"My feet are killing me!"
"I'm dead on my feet." "Have you got cold feet?"
"Don't drag your feet!" "Are you back on your feet?"
We bipeds depend on our locomotive
appendages a LOT. So it's only natural that our feet might get weary from all
the wear and tear and decide to take a vacation. Not our actual physical feet,
perhaps, but the ones belonging to our digital appendages. Such as my laptop.
After replacing the little hard
plastic "feet" that keep the machine positioned just slightly off the
desk, allowing airflow, I soon noticed that all but one had again gone AWOL. I
assumed they were gone forever, like one half of a pair of socks after a wash
cycle. But while mischievous socks seem to time travel, never to return, laptop
feet apparently visit an alternate universe for a while and then magically reappear.

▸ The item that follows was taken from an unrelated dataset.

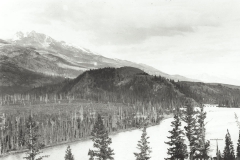 Old Fort Point Athabasca River, ca. 1910s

It might be akin to what happens at
puberty: kids have a growth spurt and "grow a foot" seemingly
overnight. But even the most ambitious teen has yet to grow three feet in a
matter of weeks. That's what my tiny plastic computer feet did.
After at least a year, they began
reappearing on the carpet — where they absolutely had not resided before. I
don't have pets or children; no one else could have moved them or replaced
them. Yet here they were, one by one over the course of several weeks, mutely calling,
"I'm home!" (None of them sported a tan or souvenirs, so I can't
verify where they'd been.)
I'm waiting to see whether the
fourth will arrive, though I'm delighted to welcome the trio home. I discovered
each returning foot accidentally, either by stepping on it, thinking I'd
tracked in a pebble, or noticing what I thought was a chocolate chip. Amazing
and amusing, because of course I was completely unattached to something as
negligible as laptop feet. Yet here they are.
It's easy to manifest what we have
no attachment to in our lives. I've proven this in my own life time and again
with items similar to laptop feet, which can appear as soon as we envision the
request. Yet this complete faith that the universe is always answering is the
great challenge most of us are still aiming to master — myself included. We
believe the grander requests will take a long(er) time to show up, so they
usually do.
This is a fulcrum moment to grow
new feet — or kilometers, if you choose — so we can leap into parallel realities
and timelines and return with alacrity. Stand up for the true magnificent YOU.
That's the feat we can all grow into, now.